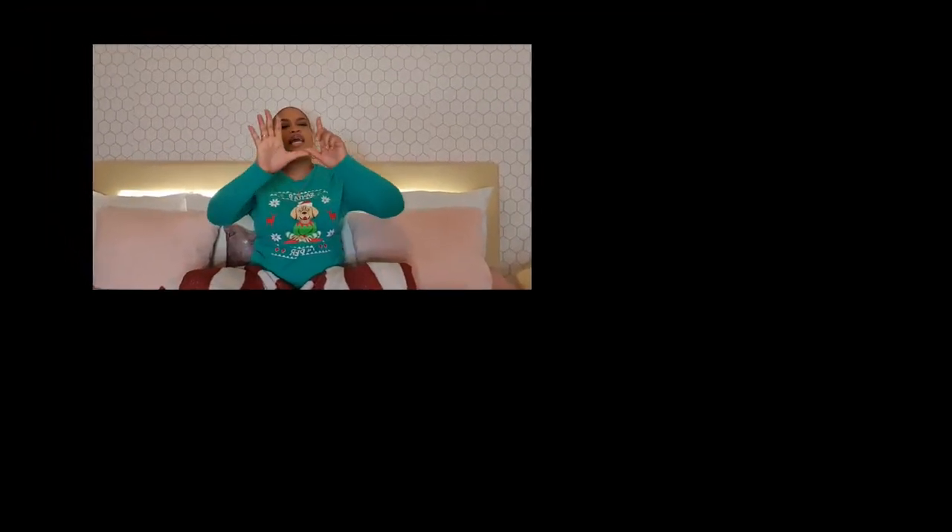Hey guys, welcome back! It's Vlogmas day six. Today I'll be sharing some of my Christmas traditions as a Jamaican. Hope you guys enjoy! If you're Jamaican and you're watching, just comment down below any other traditions that we have.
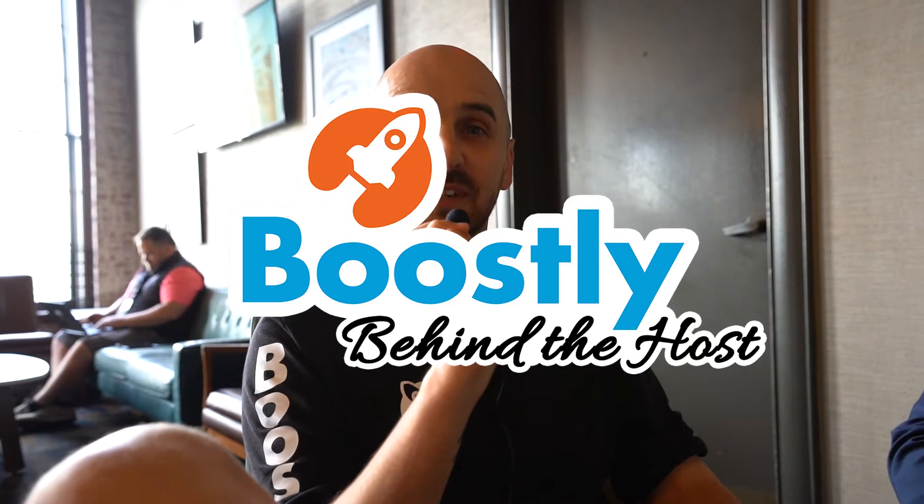Welcome everybody back to another episode of the Boostly Podcast. We're doing the Behind the Host series and we're at the short-term rental wealth conference in Nashville. I'm picking people from behind the scenes to come and have a chat, and we're digging into the tools, the tactics, and what they're doing behind the scenes in their business to run it. Today we've got the amazing Kyle Stanley. Kyle, could you please introduce yourself, your business, and all that jazz, and then we'll get started.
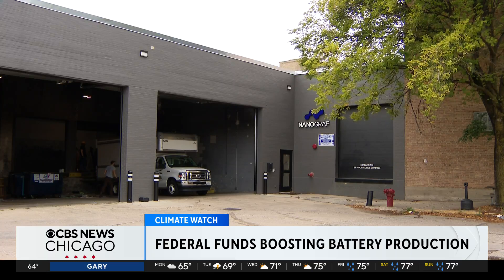Coming up on the CBS Evening News, the story of one congressman who did not support climate legislation before but is now excited about the new green jobs and the investment happening in his district. What changed his mind — tonight's Eye on America.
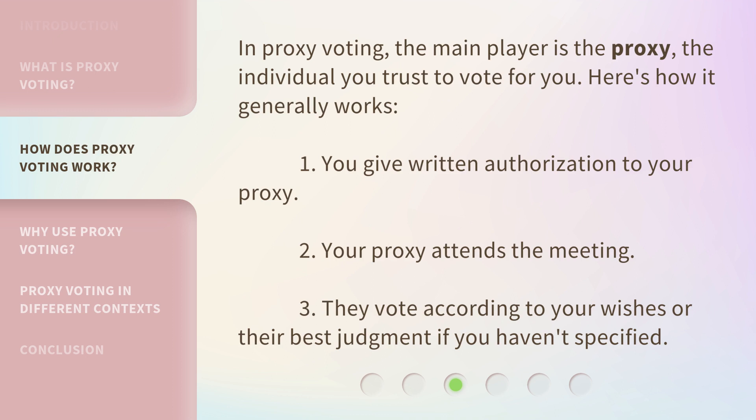In proxy voting, the main player is the proxy — the individual you trust to vote for you. Here's how it generally works: 1. You give written authorization to your proxy. 2. Your proxy attends the meeting. 3. They vote according to your wishes, or their best judgment if you haven't specified.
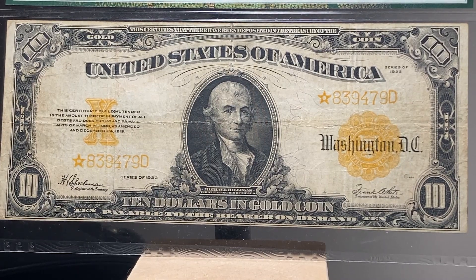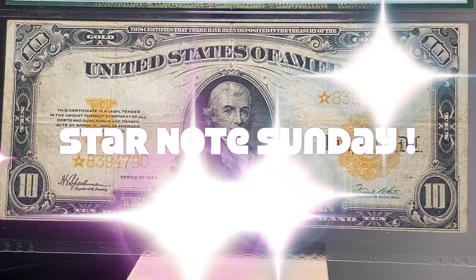Welcome back, collectors, and welcome to Star Notes Sunday.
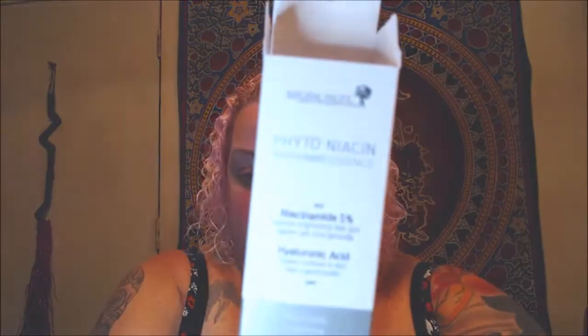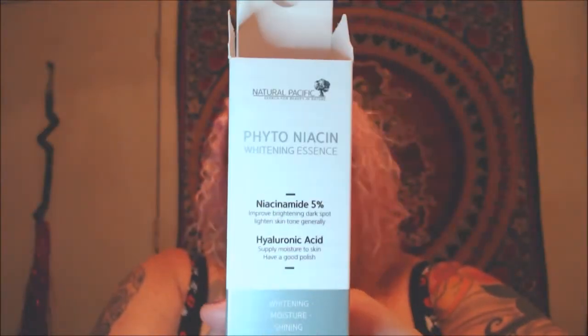It's this Phytoniacin product. Its claims are niacinamide 5%, supposed to improve and brighten dark spots and lighten skin tone. It also contains hyaluronic acid, which is great for supplying moisture to the skin. The wording on these things is always interesting — you have to decipher what it's actually claiming it'll do.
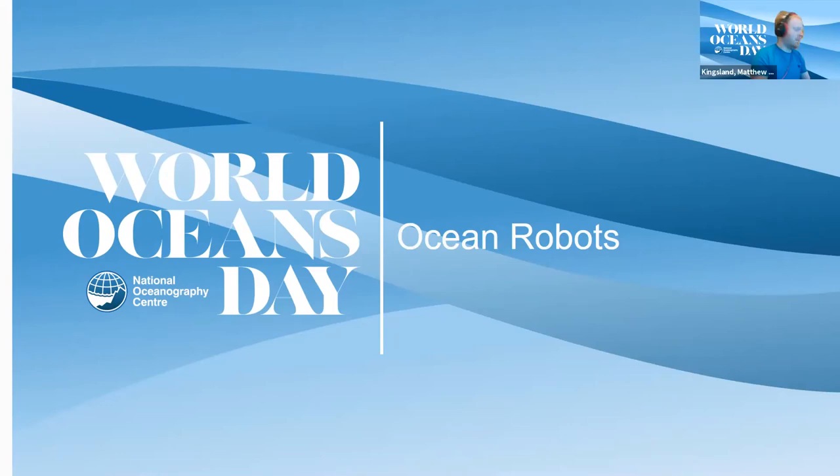Good afternoon or evening everybody. My name is Matthew Kingsland. I am a Senior Robotic Systems Engineer here at the National Oceanography Centre and today I'm here to talk to you about ocean robots and our autonomous vehicles, but before I get onto that I just want to set the scene on why we need them.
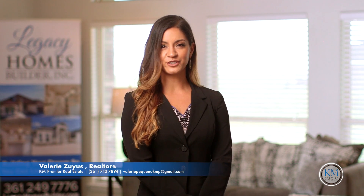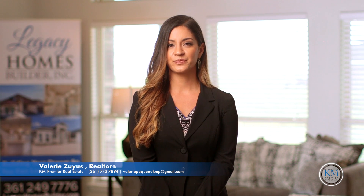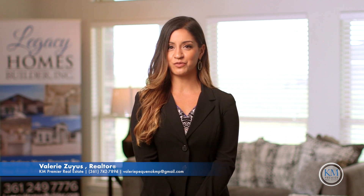If you're looking to build, call me today and I'd be happy to connect you with the top lenders and builders in the industry. This is Valerie Zayas, 361-742-7894.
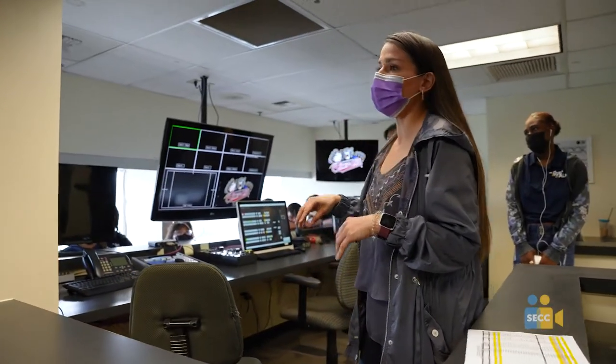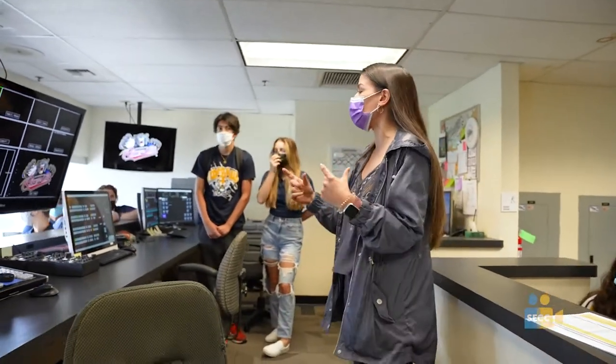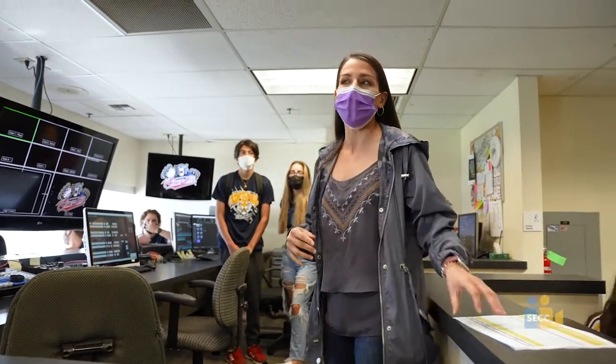We have four station cameras — three of them are manned. The one in the outfield is just a station camera, and then we have one roving camera as well, which does a lot of our fan shots and things like that.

****************************************

REQUIREMENT ▸
Without including the pictures, copy all of the data exactly.

SOLUTION BELOW ▸
Hey guys, welcome back! It's Vlogmas day six. Today I'll be sharing some of my Christmas traditions as a Jamaican. Hope you guys enjoy! If you're Jamaican and you're watching, just comment down below any other traditions that we have.
Welcome everybody back to another episode of the Boostly Podcast. We're doing the Behind the Host series and we're at the short-term rental wealth conference in Nashville. I'm picking people from behind the scenes to come and have a chat, and we're digging into the tools, the tactics, and what they're doing behind the scenes in their business to run it. Today we've got the amazing Kyle Stanley. Kyle, could you please introduce yourself, your business, and all that jazz, and then we'll get started.
Coming up on the CBS Evening News, the story of one congressman who did not support climate legislation before but is now excited about the new green jobs and the investment happening in his district. What changed his mind — tonight's Eye on America.
In proxy voting, the main player is the proxy — the individual you trust to vote for you. Here's how it generally works: 1. You give written authorization to your proxy. 2. Your proxy attends the meeting. 3. They vote according to your wishes, or their best judgment if you haven't specified.
Welcome back, collectors, and welcome to Star Notes Sunday.
It's this Phytoniacin product. Its claims are niacinamide 5%, supposed to improve and brighten dark spots and lighten skin tone. It also contains hyaluronic acid, which is great for supplying moisture to the skin. The wording on these things is always interesting — you have to decipher what it's actually claiming it'll do.
Good afternoon or evening everybody. My name is Matthew Kingsland. I am a Senior Robotic Systems Engineer here at the National Oceanography Centre and today I'm here to talk to you about ocean robots and our autonomous vehicles, but before I get onto that I just want to set the scene on why we need them.
If you're looking to build, call me today and I'd be happy to connect you with the top lenders and builders in the industry. This is Valerie Zayas, 361-742-7894.
We have four station cameras — three of them are manned. The one in the outfield is just a station camera, and then we have one roving camera as well, which does a lot of our fan shots and things like that.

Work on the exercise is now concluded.